Has Pacific Pearl breached the Lease by depriving the Trustees of access to the property, and has it been given notice of the breach in accordance with s 246?

[110]   It is clear that Pacific Pearl breached cl 37.1 of the Lease by denying Mr Zhou access on 17 October 2019 for the purposes of inspecting the property after written notice and written consent had been provided.

[111]   However, that breach took place after the PLA Notice had been served, so is not referred to in the Notice. Accordingly, Pacific Pearl was not given notice of this breach. Accordingly, the breach provides no basis for cancelling the Lease.

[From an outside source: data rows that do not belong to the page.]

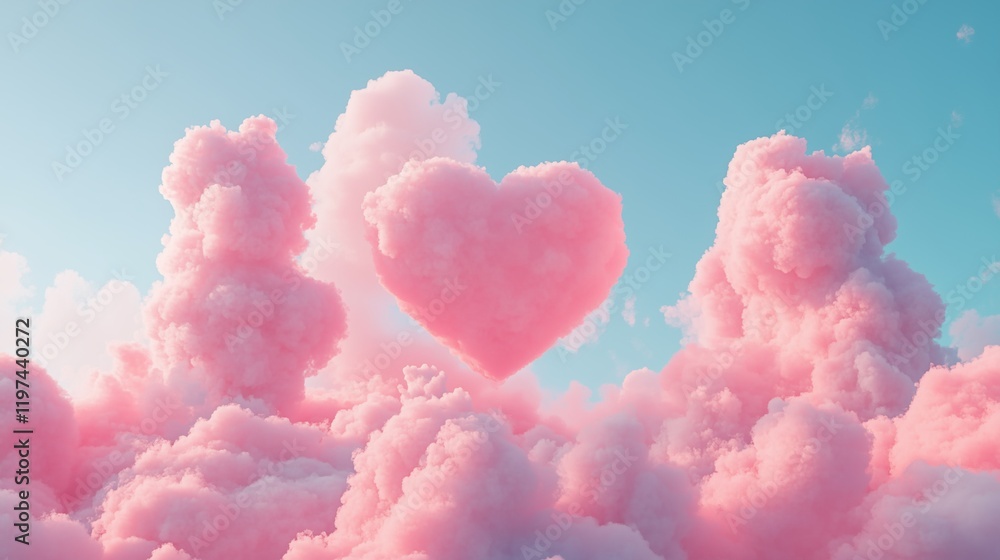 A heart-shaped pink cloud in the sky against a blue background. A heart-shaped pink cloud in the sky against a blue background.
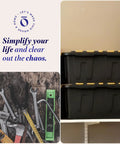 Heavy Duty Plastic Storage Bins With Lids 15 Gallon Black Yellow Six Piece Stackable Tote Set shown stacked on shelf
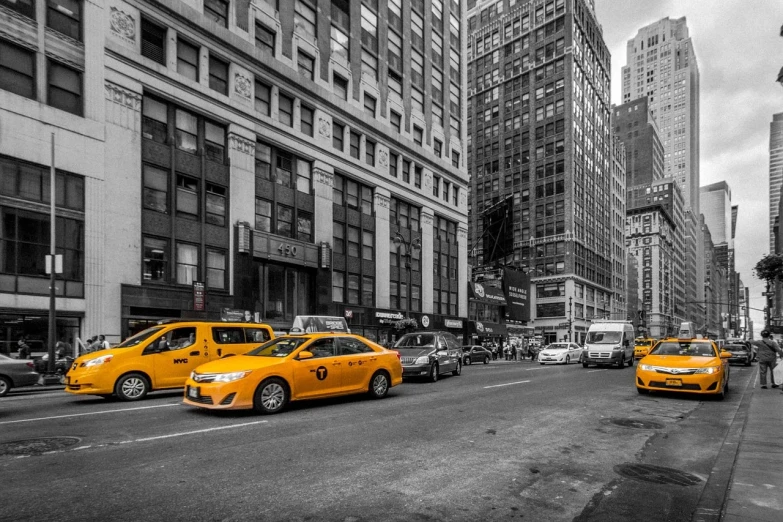 a black and white photo of a busy city street, a photo, yellow colors, phone wallpaper, usa-sep 20, 1128x191 resolution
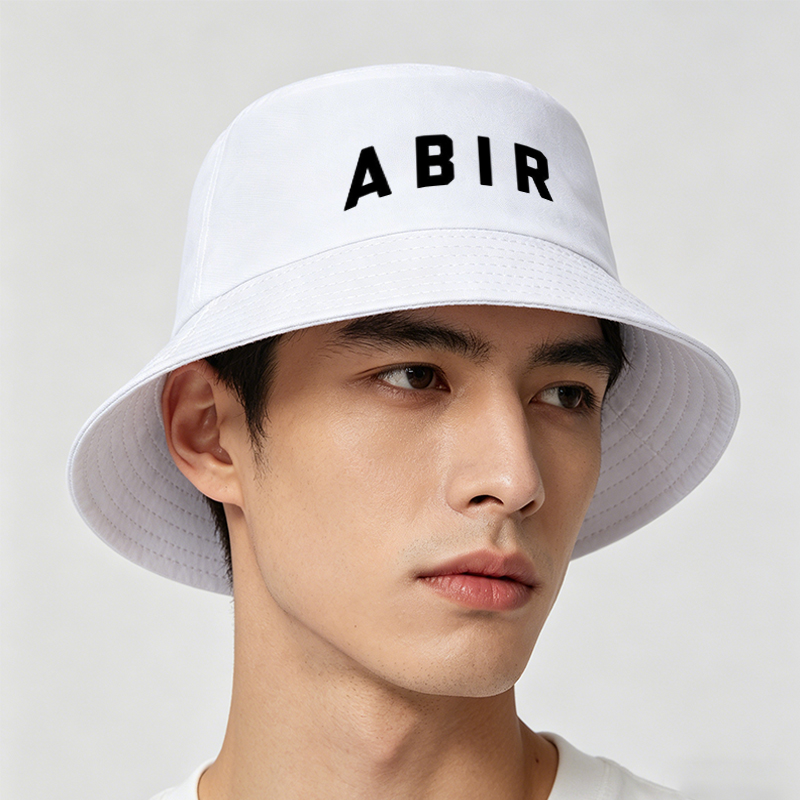 Unisex Fisherman Hat with ABCR Logo Print - Classic Cotton Bucket Hat for Outdoor Activities, Travel, and Casual Wear - Suitable for Men and Women Seeking Stylish Sun Protection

Conclusion from analysis of alleged breaches

[112]   The only breach of the Lease for which notice was given in accordance with  s 246 of the PLA was Pacific Pearl’s failure to pay costs in the sum of $5,747.00. That breach arose in the context of increasing inquiries by the solicitor for the Trust that extended well beyond information that was reasonably required to approve the assignment. While that does not excuse the non-payment, I do not consider it is a breach that is sufficiently serious to justify cancellation of the Lease.

[113]   Even if the breach had been sufficient to justify cancellation of the Lease, it is a breach that can readily be remedied and for which relief from forfeiture would be appropriate.

Result

[114]   For all the above reasons I dismiss the Trust’s application for orders cancelling the Lease in favour of Pacific Pearl of the property at 9 Bicknell Road, Favona, Auckland.

Costs

[115]   Pacific Pearl is entitled to costs on a 2B basis. If the parties are unable to agree costs, they may submit memoranda of no more than 4 pages each. Any memorandum by Pacific Pearl is to be filed and served by 17 December 2020. Any memorandum in reply by the Trustees is be filed and served by 30 January 2021.

Note to parties

[116] It is apparent that neither the Trust nor Pacific Pearl have been diligent in carrying out their respective responsibilities as landlord and tenant. While much of the evidence that was adduced about the construction of the premises and the premises’ compliance with the Building Act and fire safety regulations was not relevant to the alleged breaches of the Lease for which Pacific Pearl was given notice in accordance with s 246 of the PLA, that does not mean those issues of alleged non-compliance are not serious and do not warrant attention. To the contrary, they must be addressed by the Trust as owner of the property and by Pacific Pearl if it remains as tenant.